On 23 September 2020, the Indian Parliament passed three long-anticipated ‘Labour Codes’ aimed at reforming the country’s complex labour laws.

The Industrial Relations Code, 2020; the Occupational Safety, Health (OSH) and Working Conditions Code, 2020; and the Social Security Code, 2020, amalgamate a number of previous labour laws into three codes. They also introduce certain new duties on employers and certain new rights and protections for workers. A fourth code, the Code on Wages, became law in 2019.

The Indian government’s Minister of State for Labour and Employment, Shri Santosh Gangwar, said the codes “will prove to be an important milestone for the welfare of the workers in the country”. He added the codes would “balance the interests, rights and obligations of employees and the employers in the country”, and the OSH Code “envisages a safe working environment for workers, especially women”.

However, the new codes have been criticised in some quarters. For example, some Indian trade unions claim the new laws will increase workers’ vulnerability, encourage business-friendly worker ‘hire and fire’ policies and have a negative impact on trade union rights, including the right to strike.

We asked two experts for their views on the likely positive and negative impacts of the new laws. We interviewed:

Chandrajit Banerjee, Director General of the Confederation of Indian Industry (CII). The CII works to help the development of India, partnering with industry, government and civil society. It works closely with government on policy issues and seeks to enhance business opportunities for the industry.

Virjesh Upadhyay, Director General of Dattopant Thengadi Foundation, a research organisation of Bharatiya Mazdoor Sangh (BMS), India’s largest trade union.

What are the good features and benefits of the OSH and Working Conditions Code? What new duties does it place on employers?

Virjesh: As far as good provisions in the OSH and Working Conditions Code are concerned, the very first thing is that in the case of establishments carrying out hazardous and life-threatening occupations, the government can now notify coverage of the OSH Code even on those establishments that have less workers than the number set out in the Code’s threshold. This means coverage is now on the basis of the nature of the job, not on the number of workers only.

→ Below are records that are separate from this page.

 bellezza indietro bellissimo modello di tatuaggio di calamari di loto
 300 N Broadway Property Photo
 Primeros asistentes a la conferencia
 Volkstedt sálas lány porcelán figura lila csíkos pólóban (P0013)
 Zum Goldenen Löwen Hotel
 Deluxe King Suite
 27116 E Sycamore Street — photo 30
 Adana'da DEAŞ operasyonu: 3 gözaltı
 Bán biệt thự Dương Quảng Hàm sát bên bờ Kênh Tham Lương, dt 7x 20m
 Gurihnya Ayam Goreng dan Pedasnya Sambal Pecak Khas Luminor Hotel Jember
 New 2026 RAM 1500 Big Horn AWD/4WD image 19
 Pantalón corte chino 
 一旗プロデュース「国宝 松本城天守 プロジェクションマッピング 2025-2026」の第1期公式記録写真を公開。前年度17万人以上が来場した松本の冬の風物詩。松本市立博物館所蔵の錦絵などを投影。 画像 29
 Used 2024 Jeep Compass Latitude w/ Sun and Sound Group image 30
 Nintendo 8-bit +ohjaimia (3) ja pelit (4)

Second, the benefit of the Employees’ State Insurance (ESIC) scheme has been extended to plantation workers. Third, a free annual health check-up has been introduced. Fourth, the appointment letter has been made mandatory. Fifth, a bipartite safety committee has been introduced for establishments in factories, mines and plantations, in place of hazardous factories. Sixth, the activities of plantation workers dealing with substances like insecticides and pesticides have been included as hazardous processes. Seventh, the provisions relating to inter-state migrant workers have been strengthened and now include the provision of an annual travelling allowance for the inter-state migrants to visit their home towns.

Virjesh Upadhyay, Director General of the Dattopant Thengadi Foundation.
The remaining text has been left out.